Hi - Natalie here! This year marks my 13th year at gcp so to celebrate (!) I was asked to turn the Dictaphone on myself and answer a few of the questions I’ve given to my colleagues over the last year.
What is your role in gcp?
I provide administrative support to the Directors, team and the office. My job title is Practice Manager, which tries to encapsulate what I would term as “high level” administrative support such as running our Quality and Environmental Management System, writing and implementing our marketing strategy and managing our current to future pipeline.
To provide administrative support in any small team is a funny business. There is always a steady flow of procedural work and reporting that is easy and repetitive, but most days I find myself with “special projects” which offer different challenges. This means the work is also often varied and interesting.
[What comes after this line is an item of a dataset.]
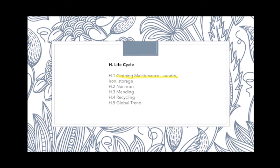For the lesson Life Cycle, we have the subtopics Clothing, Maintenance, Laundry, Iron, and Storage. We also have Non-Iron, Mending, Recycling, and Global Trend.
No two weeks are the same; the tasks use a variety of skills, many of which don’t appear in my CV!
Admin always feels like too bland a description for what I consider to be a fast-paced, forward-thinking, multi-skilled, under-valued section of office work. Not everyone has what it takes to successfully do this job with ease and good humour, though in isolation the skills can seem quite easy.
Someone once said to me that you only notice admin staff when you have bad ones. That’s stuck with me over the years.
I value high-quality support staff and consider myself extremely lucky to work alongside Maria at gcp.
How have you seen gcp change in the years you have been here?
I joined gcp back in 2007 as Office Manager & Admin Assistant and the memories I have of those days are of time spent on the print room floor folding piles of drawings for a planning submission. And of blurry old fax machine receipts. Drawing tanks. Ring bound presentation folders. A QA system with about twenty lever arch files of paperwork.
To say technology has moved on in that time is probably an understatement but the rise of social media in particular has given me a whole new set of skills for our marketing strategy.
The other thing I’ve seen a change in globally is flexible working and the work life balance. There has been quite a buzz in the media lately with regards to inventive working strategies – Microsoft’s month-long trial of a four-day week back in August 2019 found that their employees were “happier” and “significantly more productive” during the Work-Life Choice Challenge.
I think gcp has always been ahead of the curve with this offering alternative working arrangements and supporting family commitments but nowadays we see more members of staff actually using 4 day weeks, 9 day fortnights, earlier start and finish times etc.
I’m quite lucky in that I often get to be at the front of championing new initiatives.
This interview was drafted before Lockdown 2020, but I’m interested to see how this shapes the new office environment going forward!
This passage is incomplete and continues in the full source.